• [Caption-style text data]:
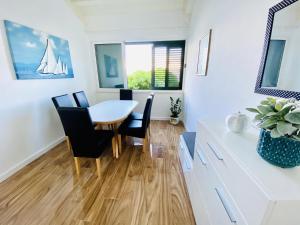 Apartments by the sea Postira, Brac - 2928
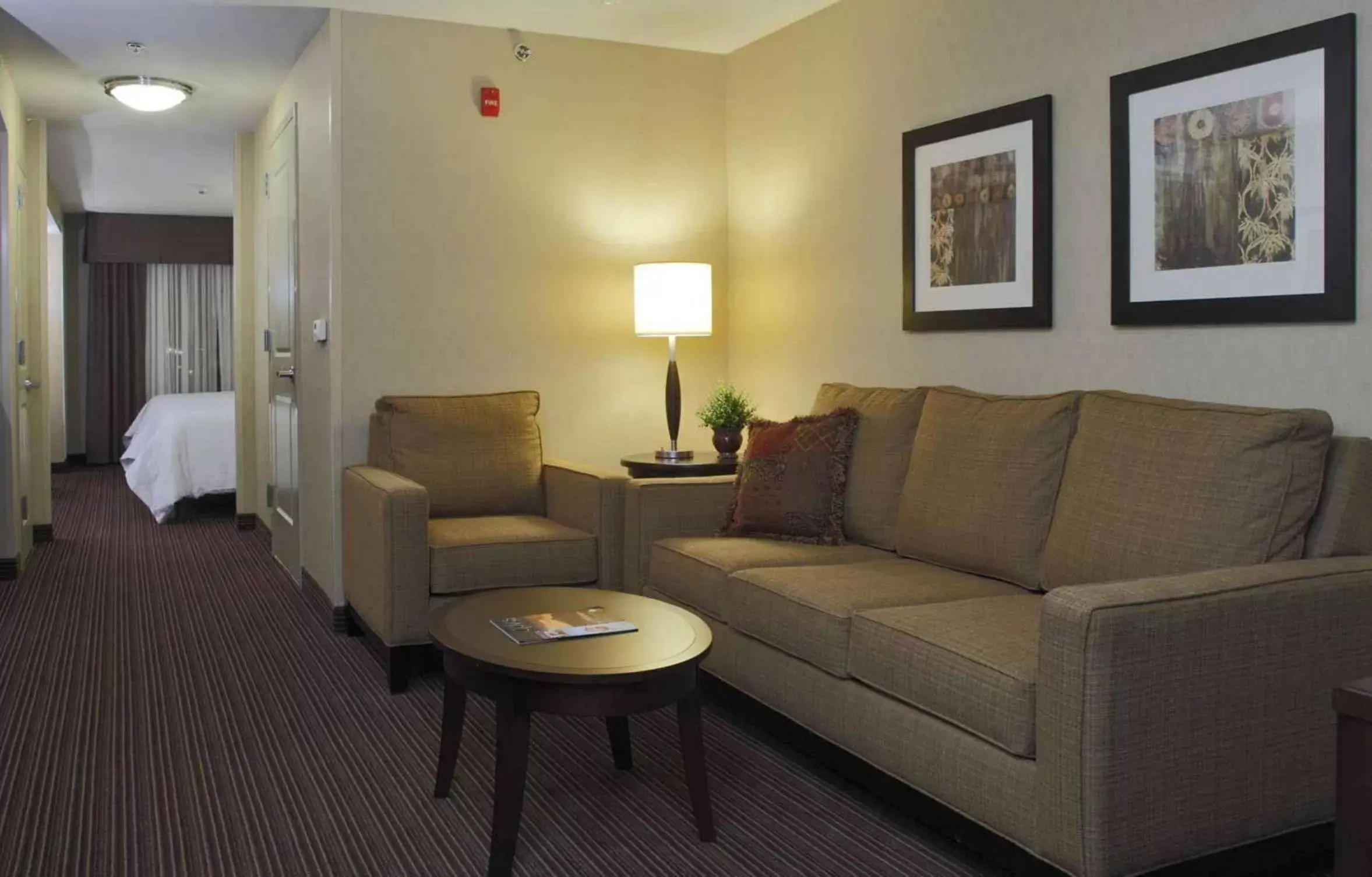 Living room, Seating Area in Hilton Garden Inn Clovis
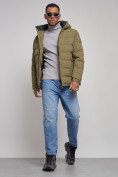 Оптом Куртка спортивная мужская зимняя с капюшоном цвета хаки 8357Kh в Челябинске, фото 14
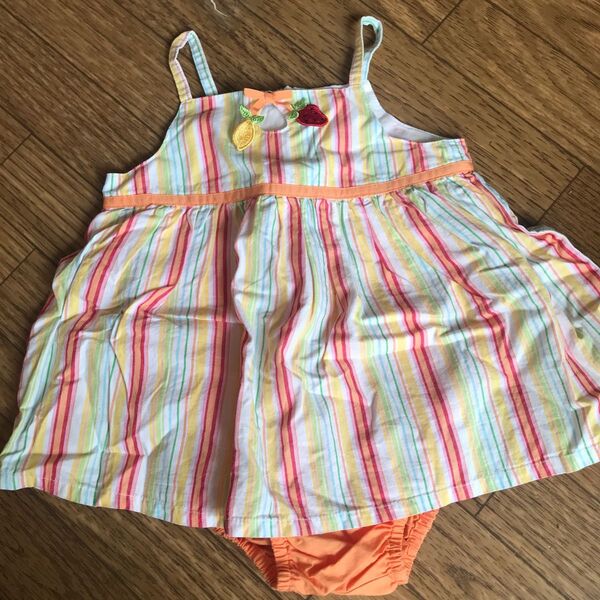 子供服フルーツのロンパース　かわいい　2歳　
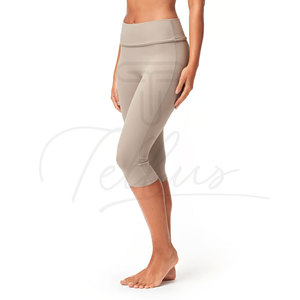 Shorts Capri sans coutures pour femme, noir uni, longueur genou, extensibles dans quatre directions, en Spandex et Nylon, séchage rapide, effet ventre plat - Product Image 3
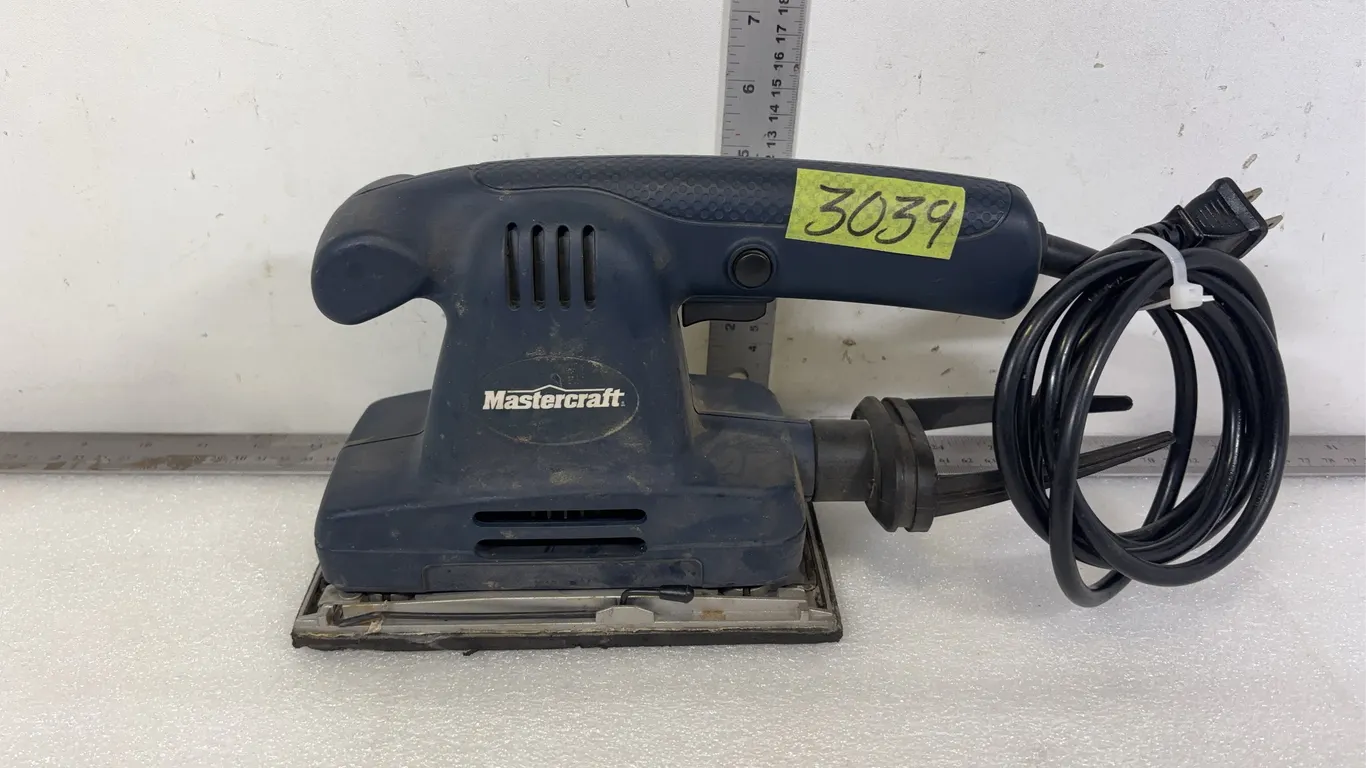 MasterCraft 1/3 Sheet Sander 54-7189-2 *Unreserved*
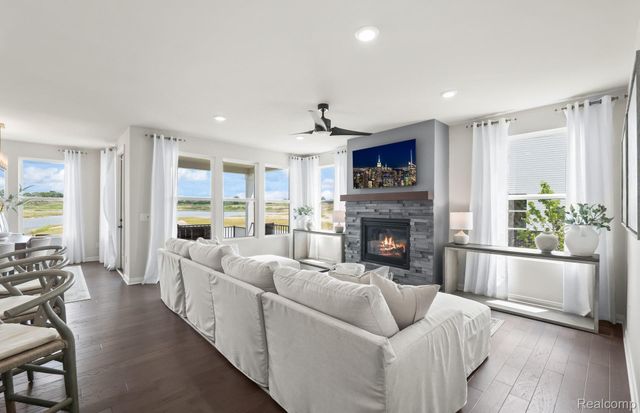 2095 Marigold Way, Milford Charter Township, MI 48381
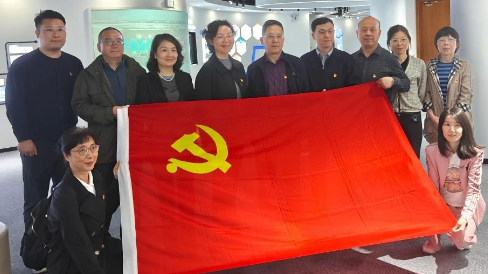 杭州市審計(jì)局黨組書記、局長(zhǎng)范飛一行蒞臨健培科技考察調(diào)研
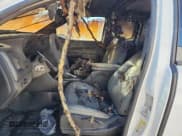 ✅ 2018 Chevrolet Colorado 2WD Work Truck • VIN: 1GCHSBEA3J1150044 • Lot: 86992495. Wystawiony na Copart z przebiegiem Nie podano. Bezpłatny archiwum sprzedaży aukcyjnych z USA i szczegółowy raport historii pojazdu na DreamBid. Zdjęcie 7.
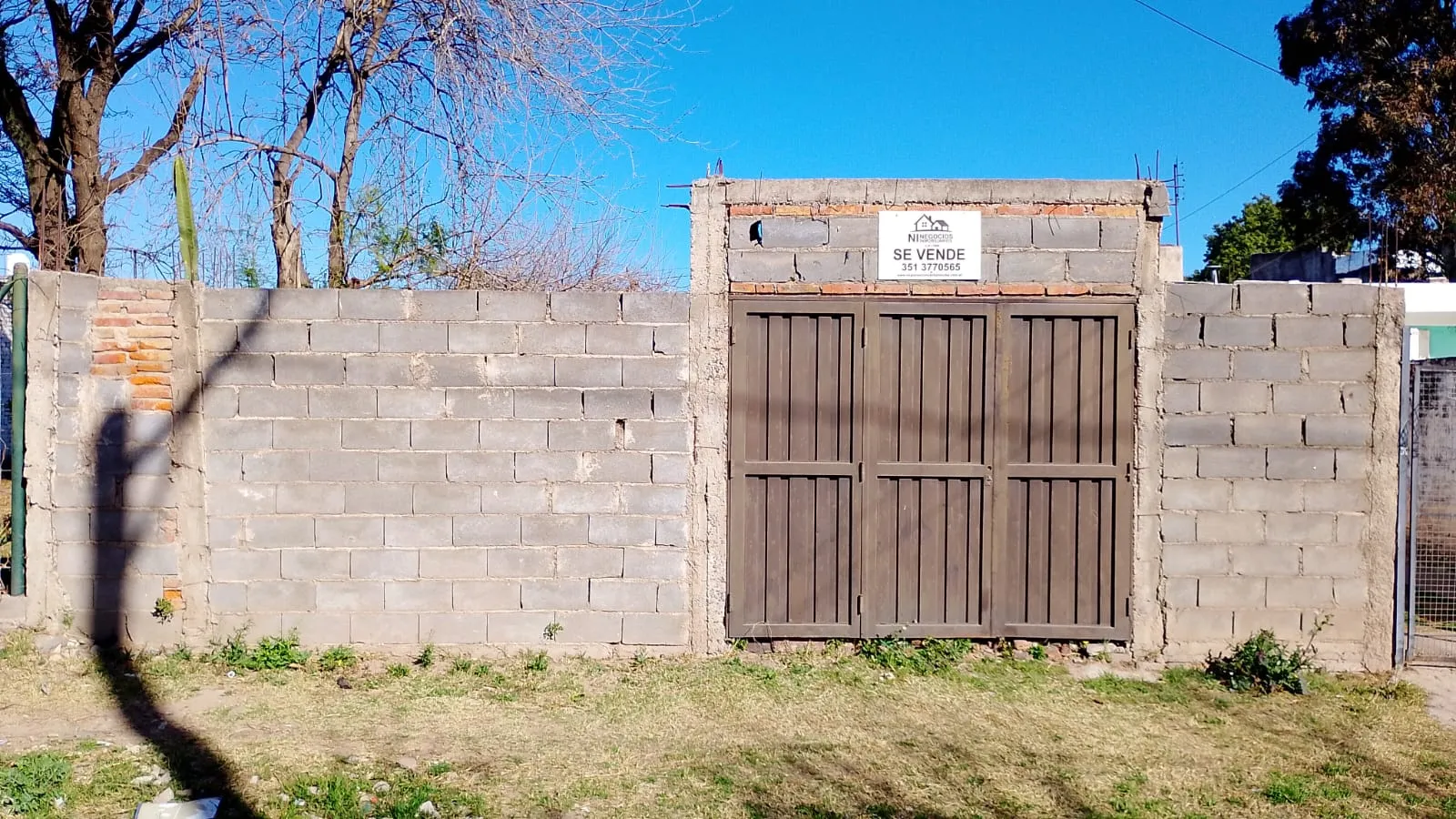 Se vende terreno en Barrio Villa El Libertador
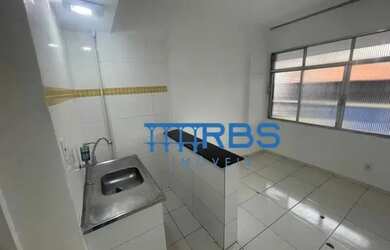 Imagem 2: Kitnet/Conjugado / Residencial / Centro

• [TASK OBJECTIVE]: Start at the line that contains "Living room, Seating" and retype every line through the end of the entries above, both ends included. Exclude all pictures.

• [RESULT OF THE EXERCISE]:
 Living room, Seating Area in Hilton Garden Inn Clovis
 Оптом Куртка спортивная мужская зимняя с капюшоном цвета хаки 8357Kh в Челябинске, фото 14
 子供服フルーツのロンパース　かわいい　2歳　
 Shorts Capri sans coutures pour femme, noir uni, longueur genou, extensibles dans quatre directions, en Spandex et Nylon, séchage rapide, effet ventre plat - Product Image 3
 MasterCraft 1/3 Sheet Sander 54-7189-2 *Unreserved*
 2095 Marigold Way, Milford Charter Township, MI 48381
 杭州市審計(jì)局黨組書記、局長(zhǎng)范飛一行蒞臨健培科技考察調(diào)研
 ✅ 2018 Chevrolet Colorado 2WD Work Truck • VIN: 1GCHSBEA3J1150044 • Lot: 86992495. Wystawiony na Copart z przebiegiem Nie podano. Bezpłatny archiwum sprzedaży aukcyjnych z USA i szczegółowy raport historii pojazdu na DreamBid. Zdjęcie 7.
 Se vende terreno en Barrio Villa El Libertador
 Imagem 2: Kitnet/Conjugado / Residencial / Centro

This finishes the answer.